The controls are spot on and easy to use, once you get used to them. Using a controller, I found it easy to zip around rooms using the Flinthook. The choice was made to have both your movement and the aiming of your gun/hook solely on the left stick. In other words, you cannot move in one direction and shoot in another, unless you use mouse and keyboard. However, I found using WASD not good enough for the intricate platforming I needed. Eventually I landed back on using a controller as my preferred way to play and have no complaints with the controls, it just takes some getting used to.
The rogue-like elements of Flinthook comes from randomly generated dungeons under the guise of space pirate ships. The progression of a single run has you tackling multiple ships which will eventually lead you to the final boss. As you enter a run, you are given a choice between three ships to tackle. These ships will offer different characteristics, such as Platoon On Board (lots of enemies), Buffet (lots of healing food), Tenderizer (tough traps), etc. When you complete that ship, you move on to another set of different, more difficult ships. Rinse and repeat until you get to the final boss.
Each run has you collecting loot, which can be spent within the run on healing items or upgrades usable only on that run. Naturally this is a rogue-like so the location of these shops and the items they offer are completely randomized. You might not be able to buy everything you come across or you might amass a large supply of gold and not run into a shop. Such is the life of a rogue-like.
The part I love about Flinthook is, whether you succeed or fail, you are gaining experience and leveling up. Leveling up unlocks randomly generated perks to give you various abilities on your runs. This can range from XP boosts, more health, upgrades to your weapons and more. The catch is that perks use a point system so you can only have so many equipped at once. That means you can customize each run to focus on what you need. There is also a system of permanent unlocks that will stay with you every run that gives you more points for perks, health and XP.
Being able to level up and get more powerful also turns out to be completely necessary because as you progress deeper in the game, Flinthook becomes brutal. By the time you hit the third boss, you see that the game is not messing around. Enemies upgrade to more difficult versions and the layouts of the traps are plain devious. So far this has been the point where I’ve hit a wall.
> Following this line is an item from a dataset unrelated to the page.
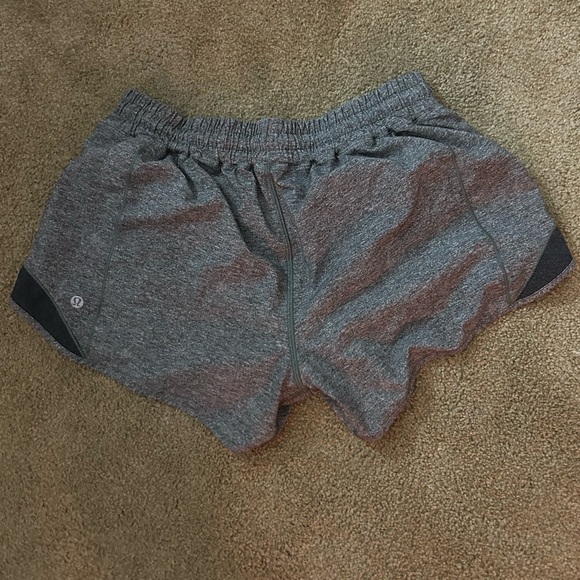 Lululemon Hotty-Hot 2.5” shorts - Picture 1 of 2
The unfortunate part is that this third area doesn’t appear to offer substantially more XP or permanent upgrade points than the earlier parts. What I’ve come down to is that I need to play through the second area more, leveling up and getting more upgrades, before coming back to tackle the third area again. This grind is a little disappointing but luckily the game is so fun to play that I’m not too bothered. Plus, if you get bored of grinding you can try out daily and weekly challenges with set areas that you can only try once.
It also needs to be said that Flinthook has fantastic style. The music is happy and fast paced. The intro song is one of the most entertaining things I’ve heard in a game in some time. The pixel graphics look great and the animation is beautiful. Being in a space pirate universe, the ships all stylistically look essentially the same but the design of the traps and enemies are unique and memorable. Just the fact that the entire game is set in space and the “spaceships” are just big wooden pirates ships is wonderful.
Flinthook comes so close to getting everything perfectly right. The game is for the most part a complete joy to play, with a good mixture of exploration, fighting enemies and avoiding deathly traps. Like many rogue-likes, it does become brutally difficult the further in you get. The key to success ultimately comes down to practice and grinding for more experience/abilities. In other games this might be unforgiveable but in Flinthook, it’s such a fun grind that I’m willing to let it pass. Flinthook is a game that is equal parts joy and nail-biting stress that I highly recommend.
SCORE: 9.0 out of 10
A code for Flinthook was provided to Pixel Related for review.